Internal Inspection Solution
Defects developing from the inside of a caisson will not become visible externally until they are through thickness. Inspection, monitoring and mitigation efforts need to focus on the detection and prevention of internal degradation.
Completing caisson inspection internally provides comprehensive data over areas with external coatings, neoprene (or similar) and where cladding is present, and is the primary method for obtaining corrosion mapping data within external guide support locations or external repairs.
Three stages will be followed to complete a full caisson inspection:
- Cleaning and surface preparation
- Remote ultrasonic inspection
- Remote visual inspection
High-pressure water jet cleaning can be remotely deployed internally to remove all loose coating and surface corrosion, with debris flushed to sea or collected in recovery baskets and brought up to the platform for disposal.

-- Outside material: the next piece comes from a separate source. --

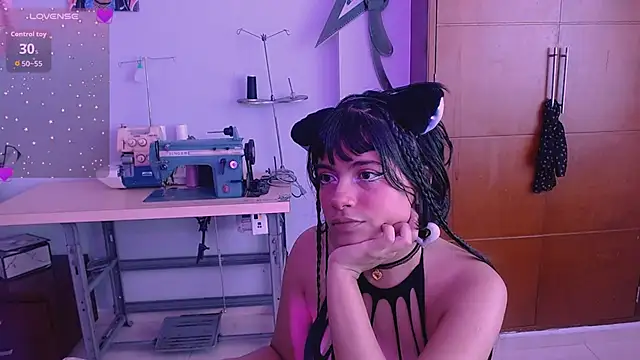 Mattilda 18 online show from 9, 10, 2025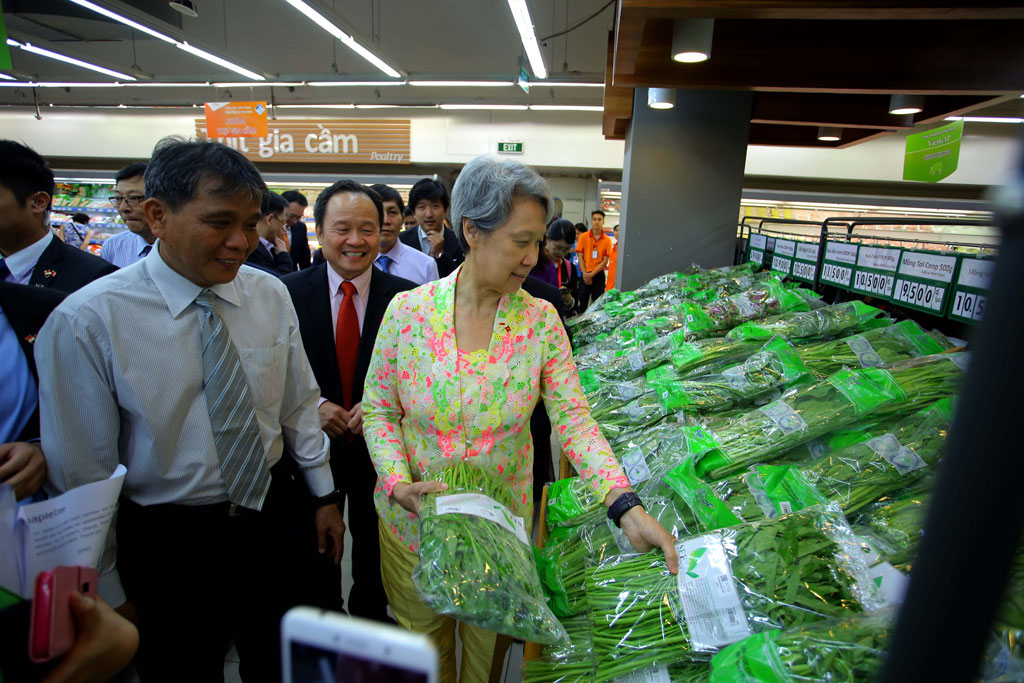 Thủ tướng Lý Hiển Long cùng phu nhân tham quan mua nông sản Việt tại quận 7 16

Termination blockages can also be removed using high-pressure water jet cleaning.
Following cleaning, remotely deployed robotic ultrasonic inspection scanning tools are used to gather thickness measurements over the full length of the caisson, providing real-time inspection data that can be interpreted to give an initial assessment of caisson condition.
Following the ultrasonic inspection, remotely deployed inspection cameras provide visual confirmation of defects and anomalies observed during the ultrasonic inspection, in addition to the condition of the caisson surface and welds.
Thorough visual inspection and ultrasonic corrosion mapping throughout the full length of a caisson will identify areas of deterioration and potential failure, allowing remediation measures to be taken. Caisson repair is significantly less expensive and time-consuming than a full replacement.
Caisson integrity remains a major industry wide issue. In order to tackle these challenges head on, the industry must ensure that the technology and systems to prevent such failures are developed and implemented. Internal inspection provides in-depth data on areas often not visible or accessible externally. Through appropriate inspection, monitoring and mitigation techniques, caisson failures can be prevented, resulting in significant cost savings and added value to asset operators.